*** Data section ***

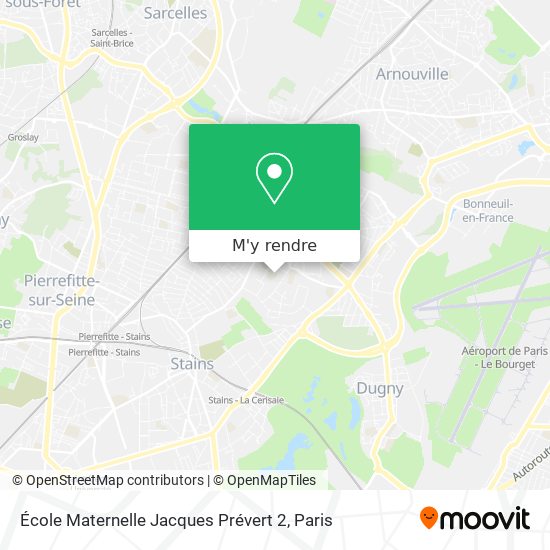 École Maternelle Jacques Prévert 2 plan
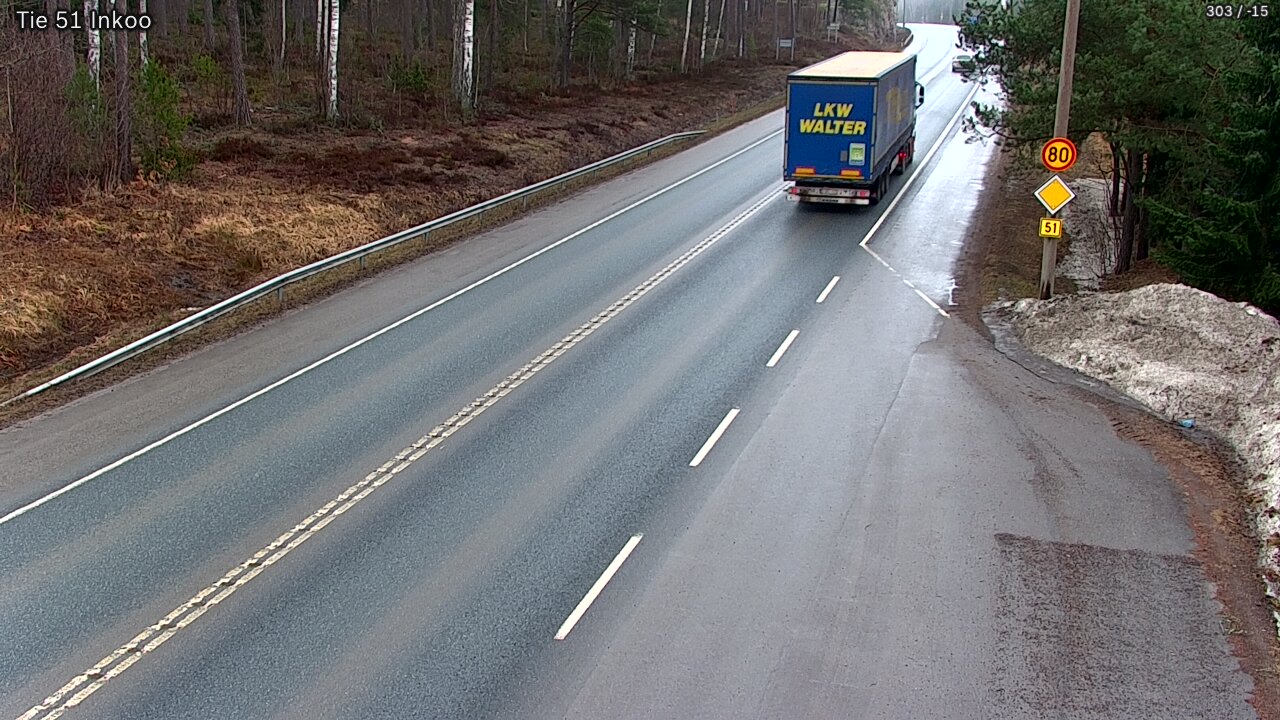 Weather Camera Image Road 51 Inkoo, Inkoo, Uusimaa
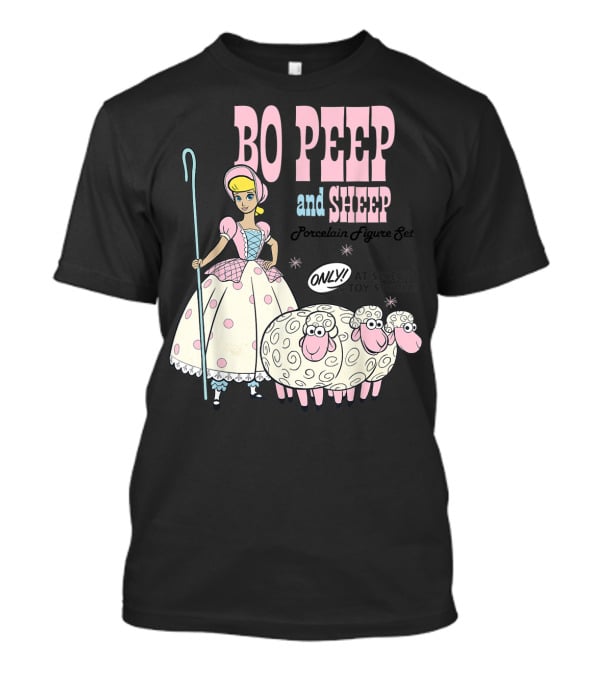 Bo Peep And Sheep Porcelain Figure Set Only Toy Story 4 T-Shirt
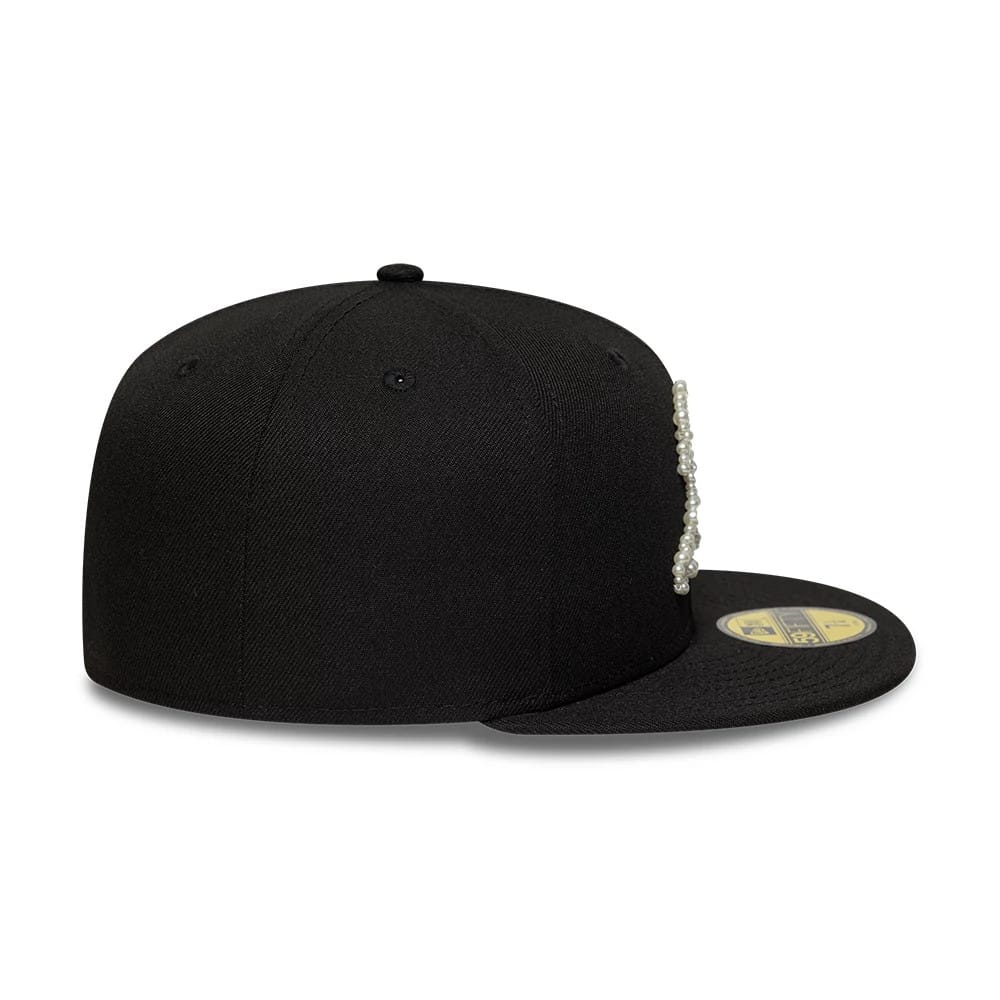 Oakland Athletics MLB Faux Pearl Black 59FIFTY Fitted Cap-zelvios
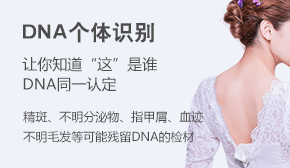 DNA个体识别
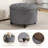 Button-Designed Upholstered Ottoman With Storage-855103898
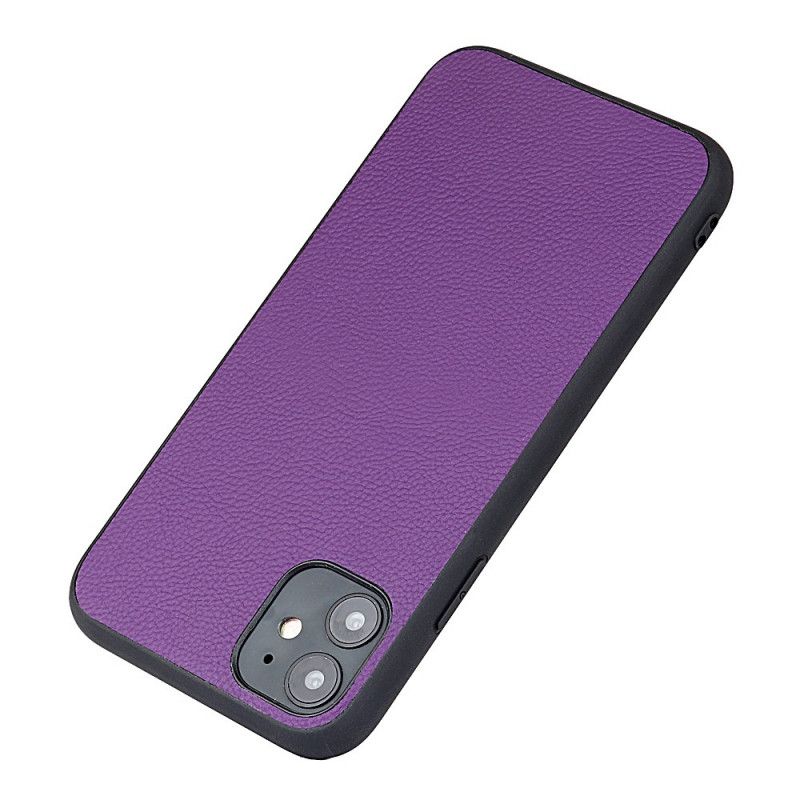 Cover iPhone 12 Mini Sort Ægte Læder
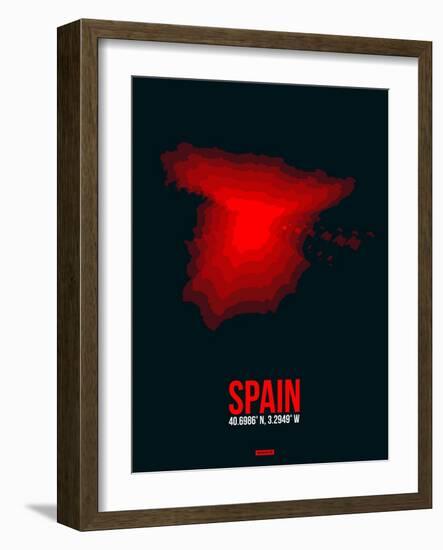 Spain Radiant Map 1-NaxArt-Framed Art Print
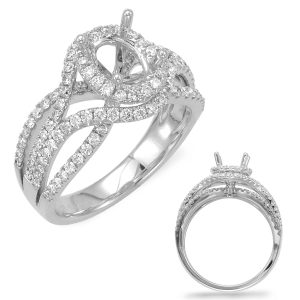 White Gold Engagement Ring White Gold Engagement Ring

*** End of Data section ***

- What is needed: The lines from the one containing "Bo Peep And" to the final line of the material, both ends included, should be retyped exactly and alone, with no pictures.

- Exercise response:
 Bo Peep And Sheep Porcelain Figure Set Only Toy Story 4 T-Shirt
 Oakland Athletics MLB Faux Pearl Black 59FIFTY Fitted Cap-zelvios
 DNA个体识别
 Button-Designed Upholstered Ottoman With Storage-855103898
 Cover iPhone 12 Mini Sort Ægte Læder
 Spain Radiant Map 1-NaxArt-Framed Art Print
 White Gold Engagement Ring White Gold Engagement Ring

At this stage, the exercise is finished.